It's entirely possible that there's something wrong with Apple's online
ordering system, but surely a live person will be able to process the order.

Apple's Shipping & Delivery page clearly states that they will ship to Puerto
Rico and other US territories:
<http://store.apple.com/us/help/shipping_delivery>

There are also some service centers and AVRs in Puerto Rico that one may want
to try: <http://www.apple.com/support/iphone/service/us/>
<http://latam.apple.com/buy/lae/find.php?r_pais=Puerto+Rico>

And lastly, the 'free iPhone 4 case' deal is valid wherever the iPhone 4 is
sold, not just in the US, but also Canada and Europe etc. Even if Apple has
some bizarro atlas that has Puerto Rico pegged as a separate country, surely
they will still send cases there, because AT&T in PR offers the iPhone 4.

------
SoftwareMaven
Nothing like link bait. I share rubymaverick's sentiments that this might be
making a mountain out of a mole hill and WAY overstating the case.

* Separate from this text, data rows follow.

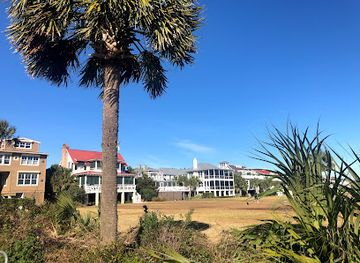 south-carolina/lowcountry/attraction/station-21-public-beach-access-sullivan-s-island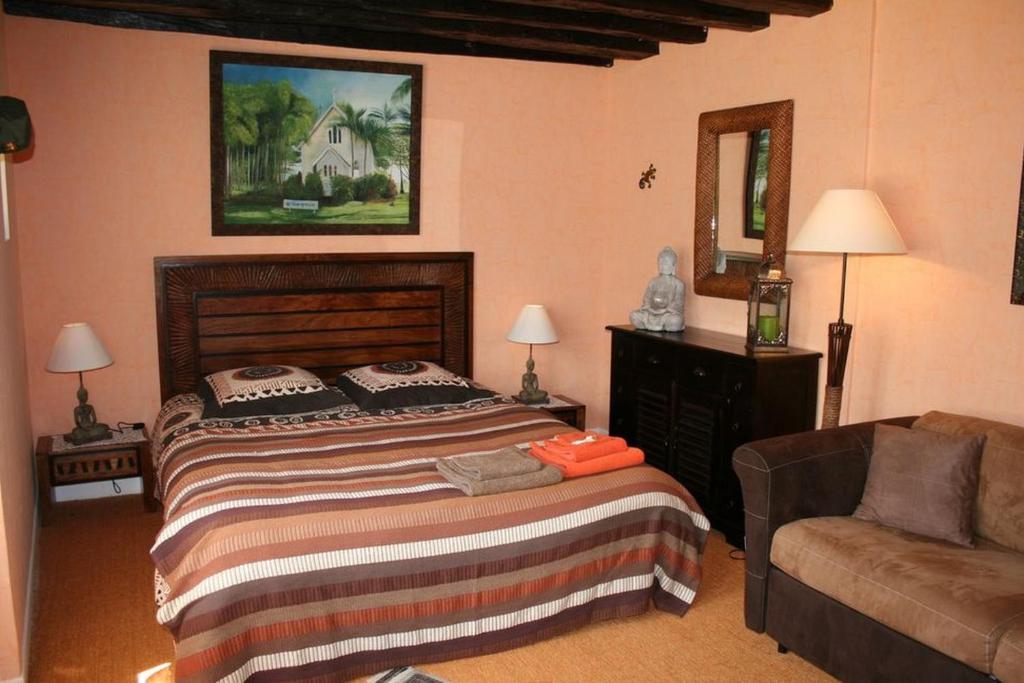 Gites Le Petit Nailly Magny-les-Hameaux Habitación foto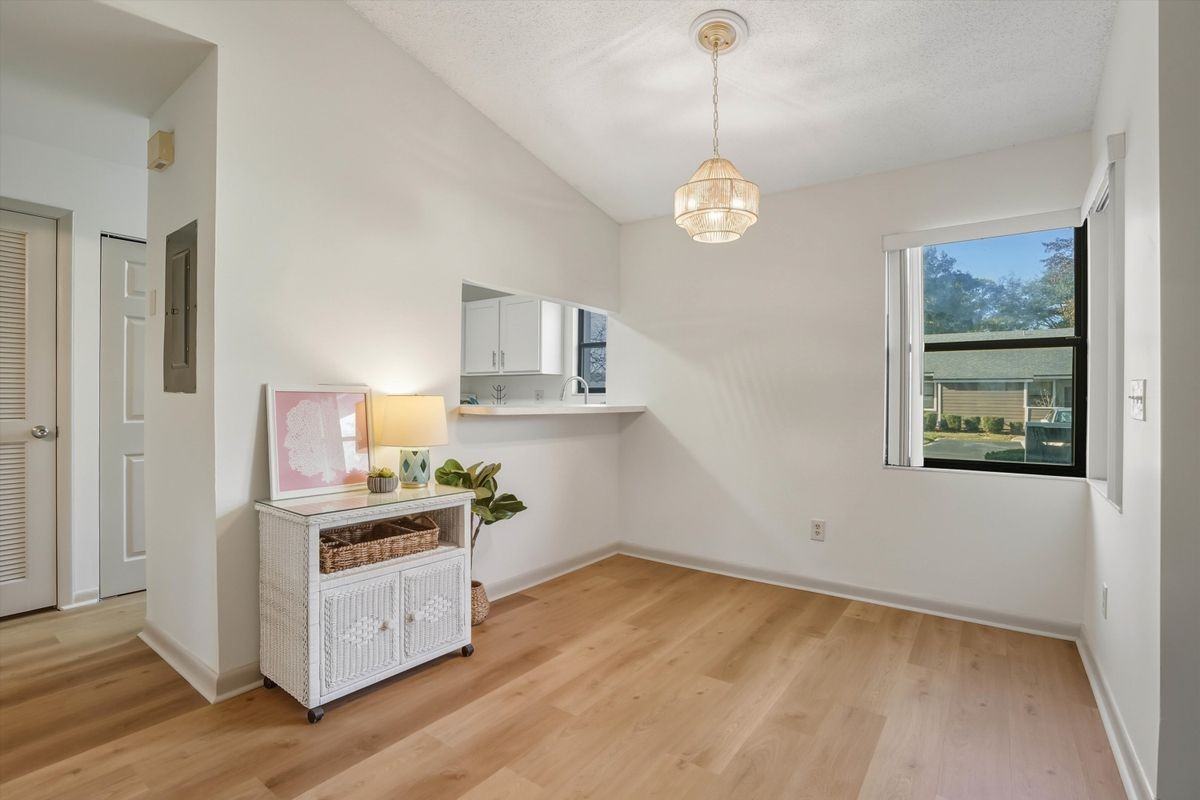 8329 Derbyshire Pl - Photo 7 of 28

My guess: some poorly implemented back-end system automatically canceled the
orders or, even more likely, some dip in shipping said "Umm, port o reeko?
Wazz that?" and canceled the order.

Never attribute to malice that which can be adequately explained by stupidity,
unless it can capture a few more eyeballs.

------
rubymaverick
This title is completely accurate. I happen to have some inside info on this,
actually. Steve Jobs went on one of his epic rants after a person from Puerto
Rico tried to order a free case. Everyone at Apple agrees with his basic
sentiment: Puerto Ricans can suck it. It's like a new company mantra. Good
thing the kind folks at consumerist are on the job!